Bustami- Jokowi : Sekeping Foto, Seribu Tafsir Politik
Font: Ukuran: - +
Reporter : Redaksi
DIALEKSIS.COM | Tajuk - Beredarnya foto-foto pertemuan antara Pj Gubernur Aceh Bustami Hamzah dengan Presiden Joko Widodo saat transit di Aceh sebelum berangkat ke Abu Dhabi, Uni Emirat Arab (UEA), telah menuai berbagai spekulasi. Fenomena ini menyoroti bagaimana sebuah momen protokoler dapat bertransformasi menjadi arena pertarungan makna dalam lanskap politik Aceh yang dinamis.
Dalam kacamata semiotika politik, publikasi strategis foto ini merepresentasikan lebih dari sekadar dokumentasi pertemuan.
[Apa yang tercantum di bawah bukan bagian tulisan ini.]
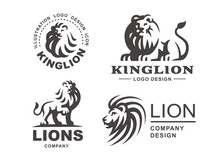 Lion Logo Set - Vector Illustration, Emblem Design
Ia menjadi apa yang Roland Barthes sebut sebagai "teks" yang sarat dengan pesan tersirat, dalam hal ini sugesti dukungan Presiden Jokowi terhadap Bustami Hamzah untuk Pilkada Aceh 2024. Namun, seperti diingatkan oleh Dan Nimmo, pemaknaan pesan politik seringkali bersifat subjektif dan tergantung pada frame of reference penerima pesan.
Strategi komunikasi ini mencerminkan konsep "politik spektakel" Murray Edelman, di mana citra digunakan untuk membentuk persepsi publik, terlepas dari substansi kebijakan. Foto tersebut berfungsi sebagai "pseudo-environment" Walter Lippmann - realitas buatan yang berpotensi mempengaruhi opini publik Aceh.
Perlu dicatat bahwa justifikasi rasional atas interpretasi ini sulit dilakukan karena keterbatasan data dan informasi komprehensif. Situasi ini mengingatkan pada konsep "manufactured consent" Noam Chomsky, di mana opini publik diarahkan melalui manipulasi informasi selektif.
Fenomena ini juga relevan dengan teori agenda-setting McCombs dan Shaw. Publikasi foto strategis ini dapat dilihat sebagai upaya menempatkan isu dukungan Jokowi dalam agenda publik Aceh, meskipun substansinya belum tentu akurat.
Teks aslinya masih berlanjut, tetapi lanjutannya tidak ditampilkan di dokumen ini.